Better To Ask For Forgiveness Than Permission
Tabcorp recently faced financial penalties from the Victorian Gambling and Casino Control Commission (VGCCC) following a significant system outage during the spring 2020 Carnival. The state requires that the company’s platform maintain uninterrupted access, and it had to pay AUD1 million (US$638,600) to settle the case.
In addition, Victoria’s gaming regulator could be close to settling another case involving Tabcorp’s inability to play by the rules. It could hit the company with a fine of up to AUD698,998 (US$450,644) for allowing a minor to wager on several occasions and at several venues.
Those fines make the latest from Liquor and Gaming NSW seem like nothing. The regulator is only asking for AUD15,000 (US$9,618).
Tabcorp unleashed a deal via its online gaming portal, enticing gamblers to take advantage of several bonuses. However, perhaps through a mishap within Tabcorp’s internal systems, the deal inadvertently granted access to the website to nonaccount holders. NSW gaming regulations prohibit the marketing of inducements to nonusers.
Only users who have registered with gambling operators and explicitly agreed to receive gambling information are eligible for exclusive gambling promotions. Jane Lin, Liquor and Gaming NSW’s director, said in a statement announcing the fine that Tabcorp, being a major corporation, has an inherent duty to maintain a higher level of vigilance and should have been more responsible with its actions.
Tabcorp Boss Paid Too Much
Perhaps in light of the recent fines, some people believe that Tabcorp CEO Adam Rytenskild is earning too much money. Those people have a lot of sway in how much he makes.
The Australian Shareholders’ Association (ASA) has voiced its concern over what it perceives as excessive compensation for executives at Tabcorp, according to The Australian. The remuneration packages awarded to these executives are deemed disproportionate, prompting the ASA to advise shareholders to vote against the company’s proposed compensation plan.

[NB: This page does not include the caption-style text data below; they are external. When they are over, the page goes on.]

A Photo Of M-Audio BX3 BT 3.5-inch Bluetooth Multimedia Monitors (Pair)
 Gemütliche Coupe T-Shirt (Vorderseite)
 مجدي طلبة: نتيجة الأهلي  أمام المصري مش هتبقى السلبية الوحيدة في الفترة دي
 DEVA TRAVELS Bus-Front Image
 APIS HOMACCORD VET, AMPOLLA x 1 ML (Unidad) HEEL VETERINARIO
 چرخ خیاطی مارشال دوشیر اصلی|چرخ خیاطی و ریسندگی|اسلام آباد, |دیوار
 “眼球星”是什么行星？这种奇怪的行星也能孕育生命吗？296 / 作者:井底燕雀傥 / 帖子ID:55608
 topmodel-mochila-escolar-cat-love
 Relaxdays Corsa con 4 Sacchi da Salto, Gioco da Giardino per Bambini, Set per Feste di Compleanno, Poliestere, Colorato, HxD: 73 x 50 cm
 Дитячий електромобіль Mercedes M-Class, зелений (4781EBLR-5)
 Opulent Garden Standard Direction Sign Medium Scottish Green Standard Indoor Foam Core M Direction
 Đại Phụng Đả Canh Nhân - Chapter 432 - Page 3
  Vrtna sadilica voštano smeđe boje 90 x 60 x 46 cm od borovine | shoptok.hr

Rytenskild could earn at least AUD4.5 million (US$2.88 million) in salary and contractual bonuses, according to the media outlet. However, it could swell to as much as AUD6.75 million (US$4.32 million) if he’s able to reach additional goals.
By urging a vote against Tabcorp’s remuneration package, the ASA seeks to influence corporate governance. It also wants to ensure a more equitable alignment between executive compensation and shareholder interests.
In taking this position, the association signals a desire for increased transparency and accountability in corporate decision-making. The ASA believes that Tabcorp directors’ salaries need to be adjusted, since the company spun off The Lottery Corporation last year.
If Tabcorp’s stock price is any indication, shareholders may agree. It was trading at AUD1.11 (US$0.71) on September 4, the highest it’s been in the past month. As of press time, it’s at AUD0.94 (US$0.60), the lowest it has been all year.